Segment Open

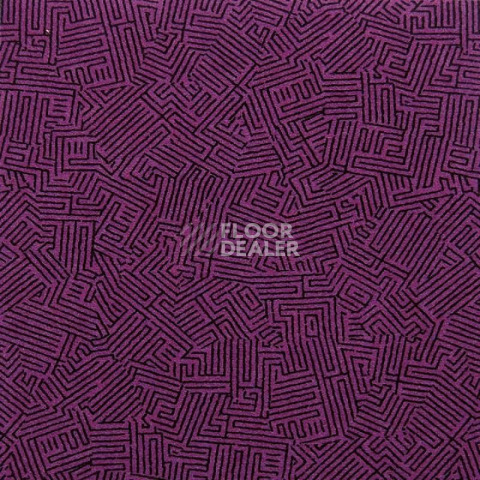Ковролин Tapisom 600 Design Violet - Street-Art 416272009 00002 фото 1 | FLOORDEALER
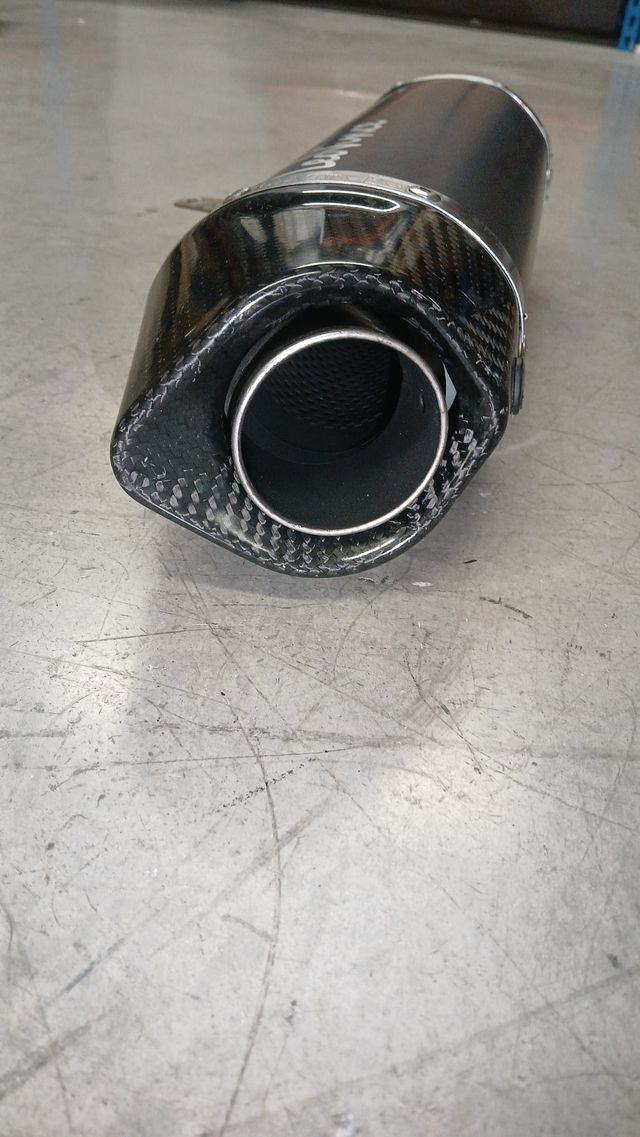 ESCAPE HONDA CBR 500 R LEOVINCE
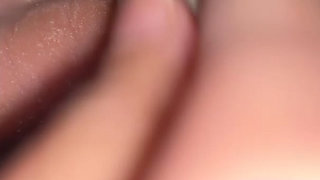 ASMR Foot Scrubbing and Oily Feet POV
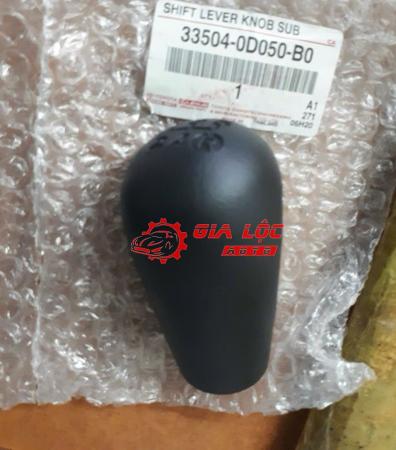 TAY NẮM ĐI SỐ TOYOTA VIOS, INNOVA 33504-0D050-B0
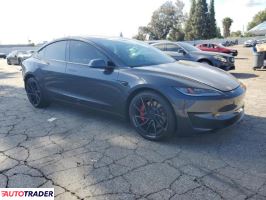 Tesla Model 3 2024 Tesla Model 3 2024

Segment Closed

## Task details
With the pictures left out, transcribe exactly the lines from the line holding "TAY NẮM ĐI SỐ" through the closing line of the entries.

## Result
 TAY NẮM ĐI SỐ TOYOTA VIOS, INNOVA 33504-0D050-B0
 Tesla Model 3 2024 Tesla Model 3 2024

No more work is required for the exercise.